[Instructions for the task]
Beginning with the first line of the material, set down each line exactly as written, up to and including the line with "2001 Chevrolet Blazer".

*** Dataset records ***

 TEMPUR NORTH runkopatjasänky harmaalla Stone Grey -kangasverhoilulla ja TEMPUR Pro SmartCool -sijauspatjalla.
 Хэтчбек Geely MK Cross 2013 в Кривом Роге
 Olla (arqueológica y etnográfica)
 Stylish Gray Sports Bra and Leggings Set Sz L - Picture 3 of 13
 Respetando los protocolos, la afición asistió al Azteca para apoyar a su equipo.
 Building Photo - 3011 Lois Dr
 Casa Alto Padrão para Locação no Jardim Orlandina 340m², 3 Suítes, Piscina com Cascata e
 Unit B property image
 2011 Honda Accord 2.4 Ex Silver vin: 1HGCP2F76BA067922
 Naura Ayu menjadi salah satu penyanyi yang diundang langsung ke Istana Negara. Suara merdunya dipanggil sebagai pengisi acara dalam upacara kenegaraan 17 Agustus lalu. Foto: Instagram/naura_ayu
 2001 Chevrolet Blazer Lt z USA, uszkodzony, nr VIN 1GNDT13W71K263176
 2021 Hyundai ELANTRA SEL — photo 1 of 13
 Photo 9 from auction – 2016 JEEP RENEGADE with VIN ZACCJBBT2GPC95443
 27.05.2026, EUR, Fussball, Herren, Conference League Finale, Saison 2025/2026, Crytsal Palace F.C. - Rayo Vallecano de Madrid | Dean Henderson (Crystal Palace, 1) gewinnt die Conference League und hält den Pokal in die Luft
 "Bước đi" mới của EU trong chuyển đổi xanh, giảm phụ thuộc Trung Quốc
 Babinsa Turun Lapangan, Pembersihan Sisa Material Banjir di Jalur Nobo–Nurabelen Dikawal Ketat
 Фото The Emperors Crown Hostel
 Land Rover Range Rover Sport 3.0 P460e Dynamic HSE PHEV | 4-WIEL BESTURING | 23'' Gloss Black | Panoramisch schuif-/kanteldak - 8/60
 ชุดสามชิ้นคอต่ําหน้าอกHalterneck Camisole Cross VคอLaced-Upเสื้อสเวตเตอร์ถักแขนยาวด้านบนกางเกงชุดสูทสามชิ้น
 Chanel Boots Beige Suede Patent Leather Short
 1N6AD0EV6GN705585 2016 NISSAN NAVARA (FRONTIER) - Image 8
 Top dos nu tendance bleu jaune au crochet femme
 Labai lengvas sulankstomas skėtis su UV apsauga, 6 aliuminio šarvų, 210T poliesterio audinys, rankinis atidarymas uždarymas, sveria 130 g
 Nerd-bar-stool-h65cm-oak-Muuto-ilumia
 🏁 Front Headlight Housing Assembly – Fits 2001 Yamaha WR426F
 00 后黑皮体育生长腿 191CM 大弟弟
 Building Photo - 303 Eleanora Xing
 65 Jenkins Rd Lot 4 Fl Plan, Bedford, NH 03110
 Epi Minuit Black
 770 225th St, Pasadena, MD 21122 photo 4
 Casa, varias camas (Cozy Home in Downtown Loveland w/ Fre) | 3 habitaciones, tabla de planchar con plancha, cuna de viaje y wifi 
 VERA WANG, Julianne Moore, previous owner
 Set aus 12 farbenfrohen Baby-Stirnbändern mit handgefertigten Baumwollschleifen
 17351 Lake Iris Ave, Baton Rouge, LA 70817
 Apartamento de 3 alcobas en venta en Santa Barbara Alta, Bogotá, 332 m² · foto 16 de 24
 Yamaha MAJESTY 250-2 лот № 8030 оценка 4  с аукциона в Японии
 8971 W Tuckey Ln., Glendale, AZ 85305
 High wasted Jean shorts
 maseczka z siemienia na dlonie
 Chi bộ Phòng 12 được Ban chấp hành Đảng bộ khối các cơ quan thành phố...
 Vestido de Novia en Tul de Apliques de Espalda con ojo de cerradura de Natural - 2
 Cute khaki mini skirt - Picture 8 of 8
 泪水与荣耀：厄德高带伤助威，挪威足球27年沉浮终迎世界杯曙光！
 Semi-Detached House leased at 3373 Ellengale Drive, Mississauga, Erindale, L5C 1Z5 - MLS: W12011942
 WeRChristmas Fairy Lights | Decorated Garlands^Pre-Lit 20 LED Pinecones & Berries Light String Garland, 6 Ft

*** End of Dataset records ***

[Solution to the exercise]
 TEMPUR NORTH runkopatjasänky harmaalla Stone Grey -kangasverhoilulla ja TEMPUR Pro SmartCool -sijauspatjalla.
 Хэтчбек Geely MK Cross 2013 в Кривом Роге
 Olla (arqueológica y etnográfica)
 Stylish Gray Sports Bra and Leggings Set Sz L - Picture 3 of 13
 Respetando los protocolos, la afición asistió al Azteca para apoyar a su equipo.
 Building Photo - 3011 Lois Dr
 Casa Alto Padrão para Locação no Jardim Orlandina 340m², 3 Suítes, Piscina com Cascata e
 Unit B property image
 2011 Honda Accord 2.4 Ex Silver vin: 1HGCP2F76BA067922
 Naura Ayu menjadi salah satu penyanyi yang diundang langsung ke Istana Negara. Suara merdunya dipanggil sebagai pengisi acara dalam upacara kenegaraan 17 Agustus lalu. Foto: Instagram/naura_ayu
 2001 Chevrolet Blazer Lt z USA, uszkodzony, nr VIN 1GNDT13W71K263176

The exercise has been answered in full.